I was a subject of a ‘Panorama - Is the Labour Party Antisemitic’ interviewee.

The journalist never approached me for comment before broadcasting an interview which was personally damaging, politically offensive and abusive.

In the section which shows Ms Green Withers, who it was strongly suggested had met me (I have never met her) the journalist begins by making an extraordinary statement; that I had ‘a blind spot where antisemitism is concerned’. This was made without evidence, again without allowing comment from me. This is offensive enough but given my experience of actual physical racist abuse, present day threats (including from Ella Rose, the first person interviewed for the programme; note  https://electronicintifada.net/blogs/asa-winstanley/jewish-labour-movement-director-investigated-violent-threat), it’s extraordinary. Given I am Jewish, have a Jewish partner, am a member of 2 Jewish organisations and have a lifelong record as an anti-racist trainer, activist and writer, that the BBC, as a public broadcaster, allowed a wide audience to hear such unsubstantiated offensive, smearing and abusive claims is more than reprehensible.

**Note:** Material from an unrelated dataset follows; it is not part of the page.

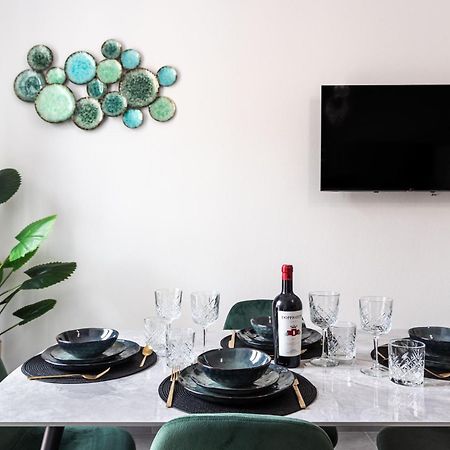 Dimo Luxury Apartment 2 아볼라 외부 사진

Neither was mention made that (after investigation) I was exonerated for comments on the sugar and slave trade. (I believe) Sam Matthews authored an email, now in my possession, following a data access request to the Labour Party, describing the complaint against me as weak and one that should not have led to my suspension.

Withers Green’s comments that I claim Jews are unwelcoming to black people are again unfounded and most offensive. Again, where is the evidence?

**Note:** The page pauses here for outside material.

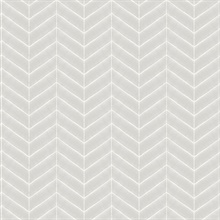 Bison Grey Herringbone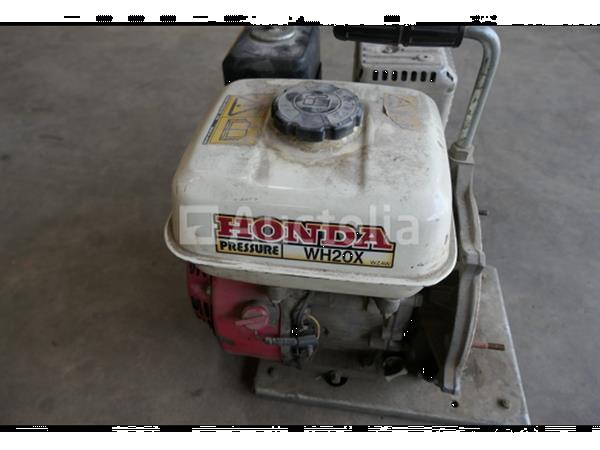Grote foto honda wh20x benzine waterpomp motor agrarisch tractor onderdelen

This abuse was repeated on BBC news, followed by the press, other media and News 24 and I’m told syndicated  across the world repeatedly.

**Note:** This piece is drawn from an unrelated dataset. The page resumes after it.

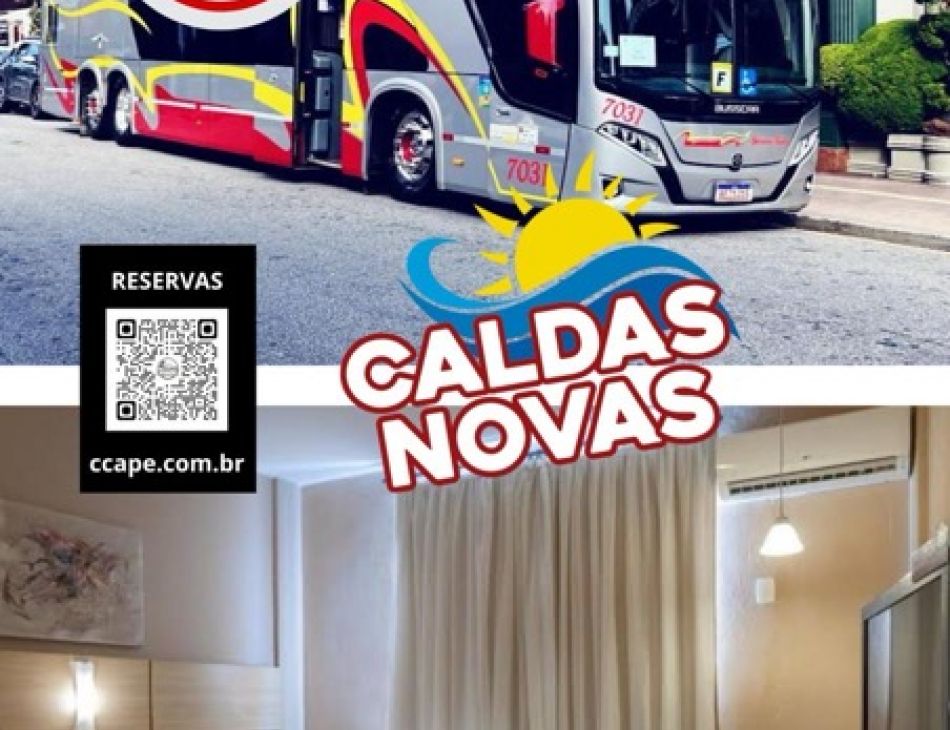 Fotos Caldas Novas Agosto14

I ask the BBC to find a way to redress the damage that has been done to my reputation and well being


[11] Marge Berer, letter sent to the Observer

13 July 2019

To the Editor,

It seems your pages are overflowing with stories of verbal assault these days - just today, for example, against the Civil Service in the case of Kim Darroch and once again (and again and again) against the Labour Party. (Jewish figures rail against Labour’s handling of antisemitism charges, Observer, 14 July)

Shami Chakrabarti carried out an investigation of anti-semitism in the Labour Party, and her findings were trashed by prominent members of the Jewish community as not being independent. Yet a more ethical, professional and experienced person for such a task would be hard to find. Now the Equality and Human Rights Commission are conducting an independent review which it will be impossible to reject on grounds of lack of independence. But can the people who want to destroy the Labour Party keep shtum and let the EHRC get on with it? No, they have to go in for the kill now, in case the evidence doesn’t go their way once again.

I have been a member of the Labour Party for decades. I am Jewish, but not a “prominent member of the Jewish community”. But I do believe in truth and justice, not verbal assaults. I have never experienced anti-semitism in the Labour Party. Not the kind that is against the law, I mean. Real anti-semitism. I could easily gather together as many Jewish Labour Party members as the Panorama programme did who have never met any serious anti-semitism in the Party. The illegal kind, that the EHRC are looking for. There are many non-Jewish Labour Party members who, if asked, would also say they have never met any serious anti-semitism in the Party either. We may not get a programme on Panorama, or a front page story in the Guardian. But we could all give evidence of a lack of anti-semitism to the EHRC if they will listen.

I believe the continuing verbal assault on the Labour Party is what is really shameful here. I wish to disassociate myself publicly from these “prominent members of the Jewish community” because they do not speak for me.